There is only so long you can live this way. I think 15, 16 is old enough to take accountablilty for her relationship with us. If hubby is torn about that then I will wait till she is 18, but then I am way outta here.

It is not easy being a step mother. We get to be the scape goat. The one to blame. The hated one for no apparent reason.

jalibali
04-09-2008, 13:58
Yep I asked DH to choose between me and his son. I tried for 18 months to make shared custody work and I really did everything I could. Unfortunately his exwife is a psycho lesbian who was just making our lives absolute hell and the shared custody was just an opportunity for her to yell at me every week. Obviously this also affected his 12 yr old son.

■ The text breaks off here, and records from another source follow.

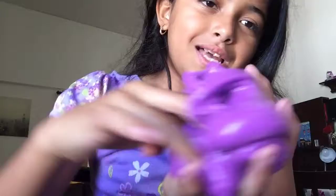This is the purple slime, and I call it my glossy slime. That's so satisfying.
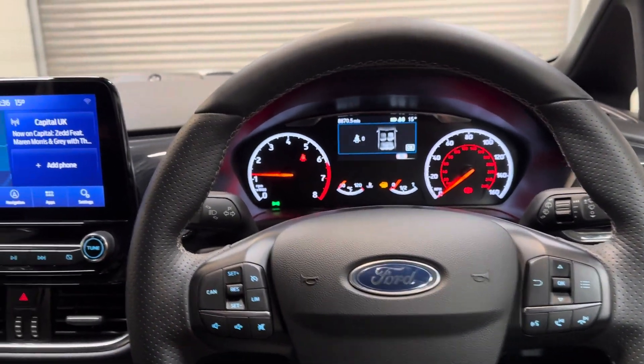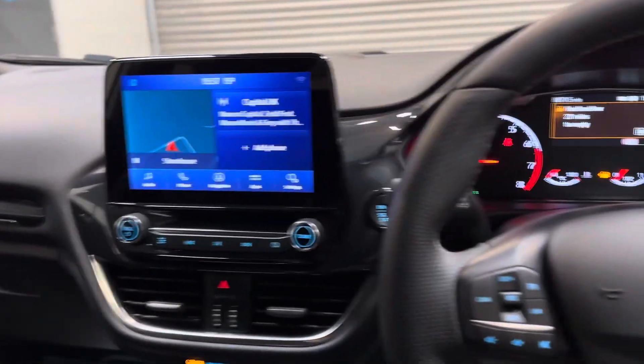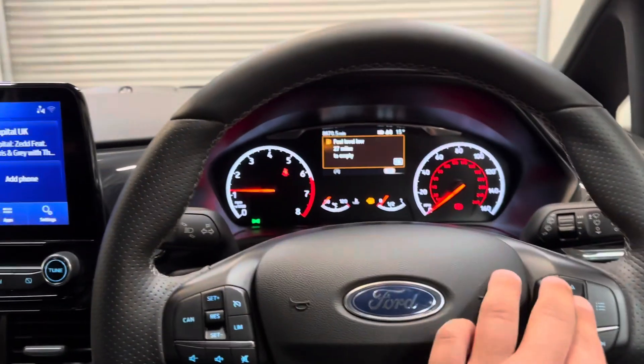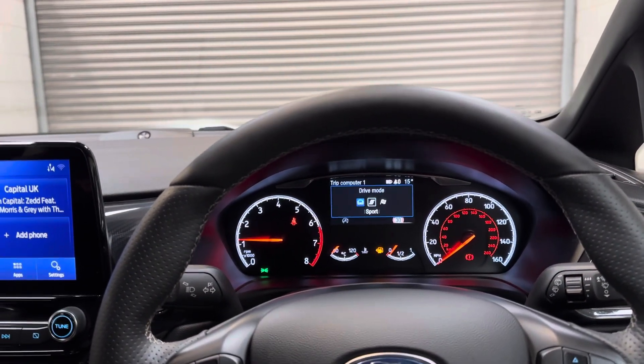It also features a heated windscreen, heated steering wheel, heated seats, cruise control, reversing camera, and driver-select modes so you can change the drivability of the car.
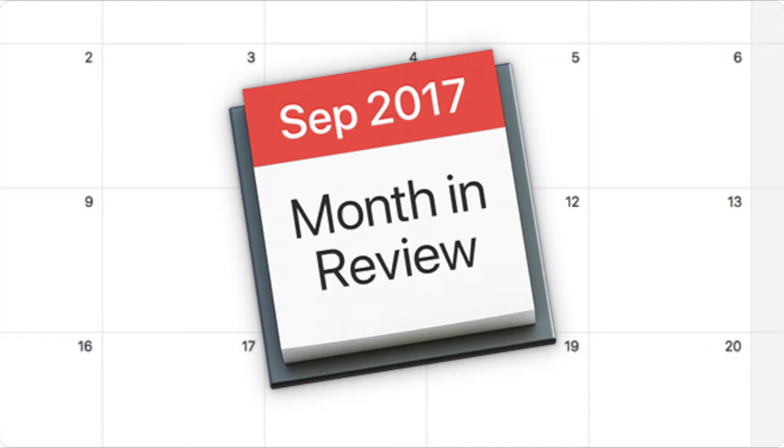This is your Apple Security Month in Review for September 2017, brought to you by Intego. Coming up, we've got news about Apple's latest operating systems, a Mac vulnerability that could let attackers steal your passwords, and could a dolphin attack hijack Siri? Keep watching to find out.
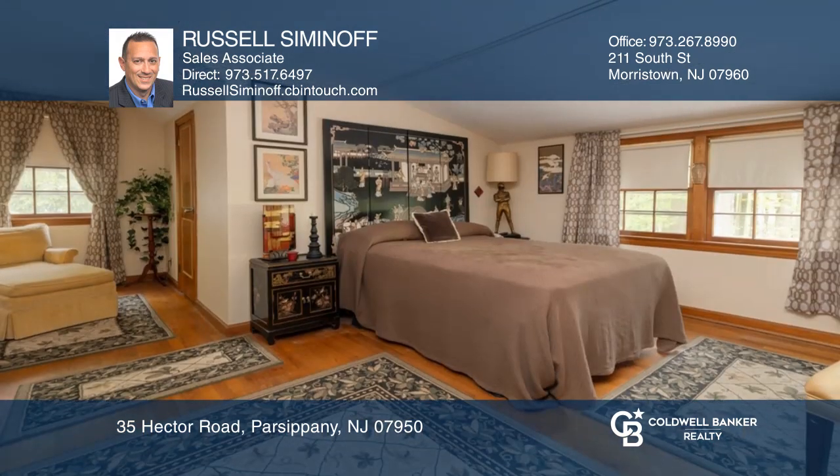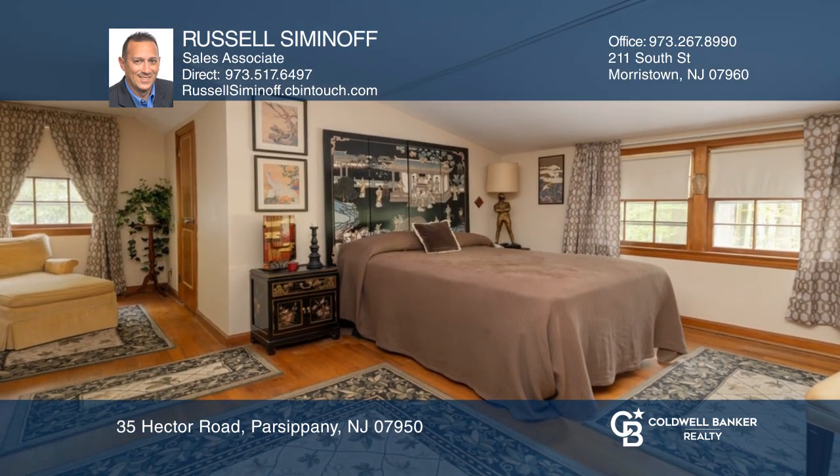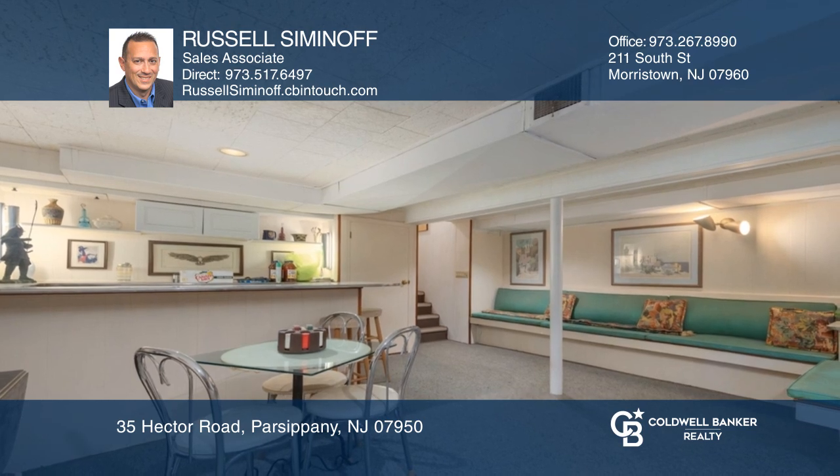Near the greenhouse, there's a home office. The top floor master suite has walk-in closets and easy attic access.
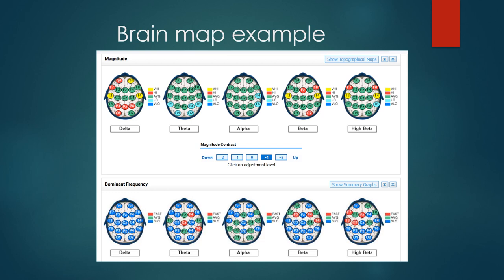Here's an example of what a brain map looks like. Brain map interpretation is quite a steep learning curve — it took me several months to get my feet underneath me. There are five brains shown across the top and five across the bottom. All the different colored circles — red, yellow, green, light blue, dark blue — are associated with the 19 different sensors on the QEEG cap, each showing the output from one sensor.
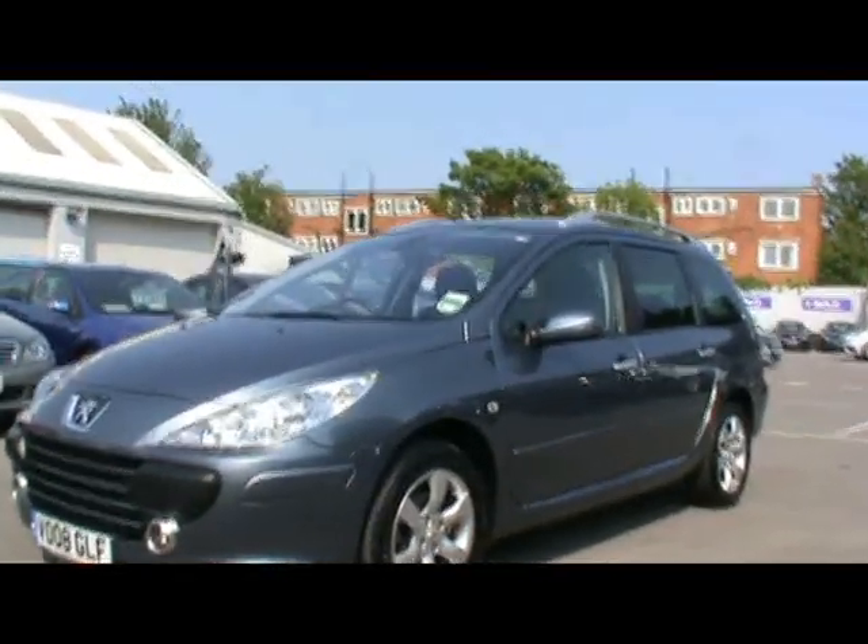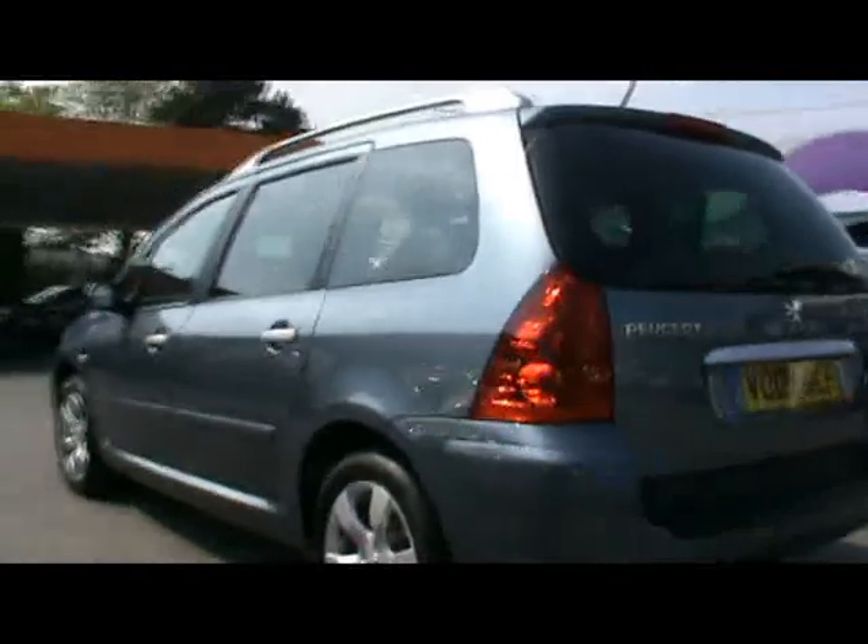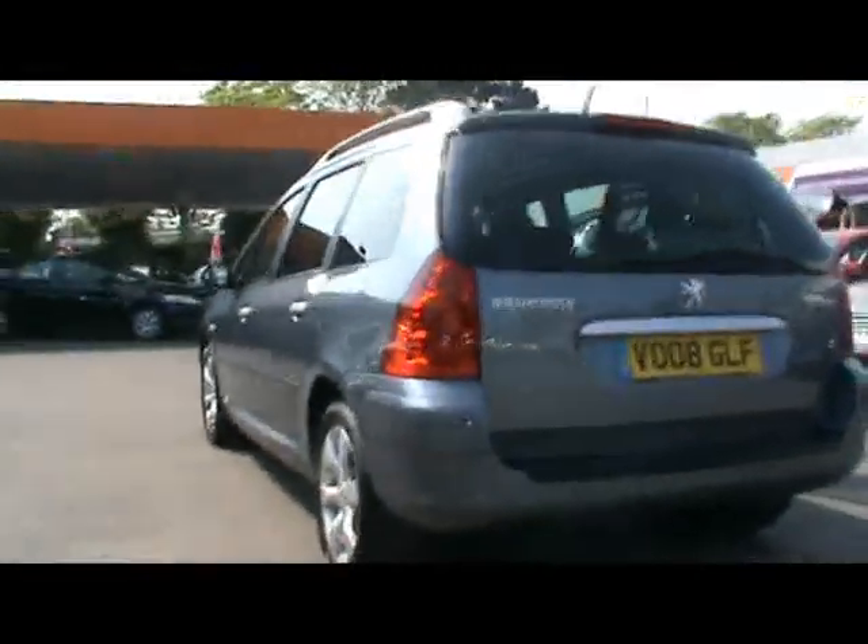Welcome to Imperial Cars. We have a 2008 Peugeot 307 estate. It's an SE trim and it's the 1.6 HDI 110 brake version. Stay for a quick tour around.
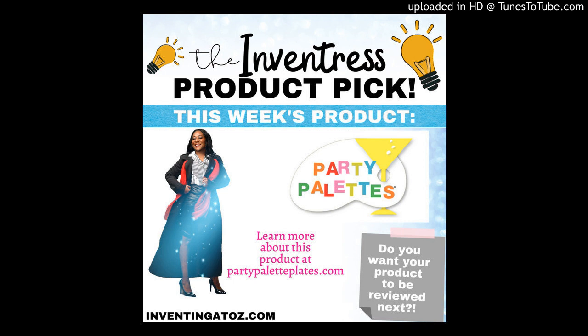Hi everybody, this is Lisa, Ask Lisa Inventress. Welcome to my product pick of the week. This week's pick is Party Palette Plates.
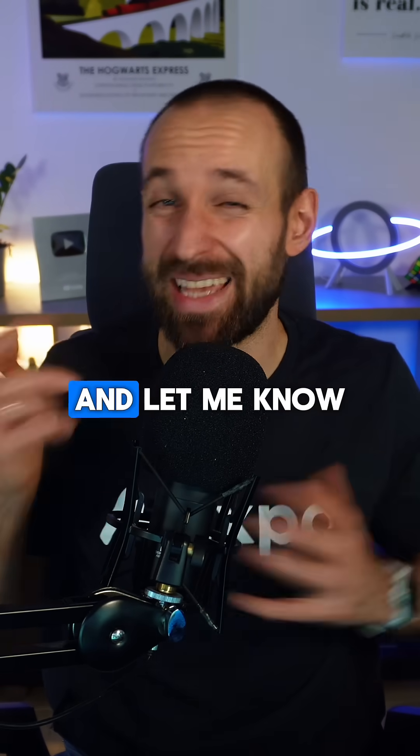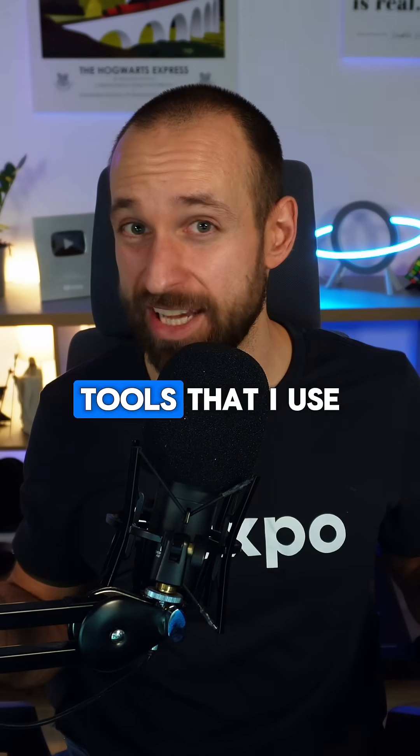Follow for more practical dev tips and let me know in the comments — would you like to see more of the AI tools that I use every day?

She left him for a woman - so why did she care????? After a while I couldn't cope, being yelled at and called horrible names for no reason had made me a mess, I was scared to go to the shops incase I ran into her or the son. I offered to leave so that he could raise his son on his own. In the end we realised shared custody was not working and his son was not benefiting from the arrangement. So he chose me and we moved to another area. 3 years later they do not know where we live and I feel safe knowing that. For a while DH took his son out and did stuff with him, but since the arrival of our DD he wants nothing to do with us, he won't even talk to his father.

NibbleCurlynBub
04-09-2008, 14:07
:hugs: :hugs:

That is how I feel, although the situation here is different. :(

MamaKoala
05-09-2008, 17:36
I have had my share of choices to make about relationships and sharing children with someone else. My DP and I have two children together but I made the decision to leave our relationship. I met someone who wanted me to move overseas and the choice was that I would have to leave my kids behind. Ultimately I chose to stay with my kids, and although the man I was with never asked me to leave them, he was angry that I wouldn't move, even though I would have to leave them. I am now back with the father of my children and in the interum he had two children so it will soon be me who is a step-parent and I feel like I have as much responsibility to his other kids as I do my own because they are a part of him, and they are a part of my sons. It is difficult to deal with the other party at times but I do not feel that blood is thicker than mud in this case because they ARE blood, maybe not my blood but they are my children's blood and they need each other.
I'm not judging anyone's particular situation, I know that each person has their own path to walk and the decisions in your life can make or break you. Everyone needs to have the freedom to make those decisions for the betterment of their family. Sometimes that takes away from someone else's life, you just have to make the best decisions you can under the circumstances. No one's perfect and as long as you tried, you did the best you could with the hand you had.